Evaluation of Intra- and Interlaboratory Variations in SARS-CoV-2 Real-Time RT-PCR Through Nationwide Proficiency Testing

Kuenyoul Park; Heungsup Sung; Sail Chun; Won-Ki Min

doi:10.1093/labmed/lmac052

. 2022 Jun 14:lmac052. doi: 10.1093/labmed/lmac052

Evaluation of Intra- and Interlaboratory Variations in SARS-CoV-2 Real-Time RT-PCR Through Nationwide Proficiency Testing

Kuenyoul Park ¹, Heungsup Sung ^2,^✉, Sail Chun ³, Won-Ki Min ⁴

PMCID: PMC9214160 PMID: 35699488

Abstract

Objective

This study aimed to examine the intra- and interlaboratory variations of cycle threshold (Ct) values using the nationwide proficiency testing for SARS-CoV-2.

Methods

Triplicated strong-positive contrived samples duplicated weak-positive contrived samples, and 2 negative samples were transported to participating laboratories in October 2021.

Results

A total of 232 laboratories responded. All except 4 laboratories correctly answered. Six false-negative results, including 2 false-negatives with Ct values beyond the threshold and 1 clerical error, were noted from weak-positive samples.

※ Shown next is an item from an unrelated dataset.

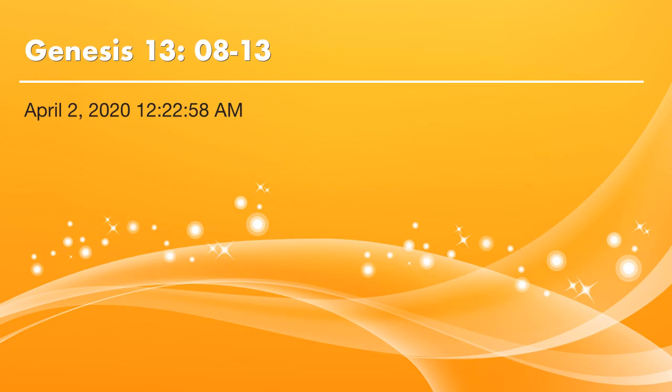Dear brothers and sisters, peace be with you. Thank God. It's time to read Bible. Let's continue to read Genesis chapter 13. We will start from verse 8 today.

Intralaboratory variations of Ct values of weak-positive and strong-positive samples were not acceptable (Ct > 1.66) in 17 and 7 laboratories, respectively. High interlaboratory variations of Ct values (up to 7 cycles) for the 2 commonly used polymerase chain reaction (PCR) reagents were observed.

Conclusion

The overall qualitative performance was acceptable; intralaboratory variation was acceptable. However, interlaboratory variations of Ct values were remarkable even when the same PCR reagents were used.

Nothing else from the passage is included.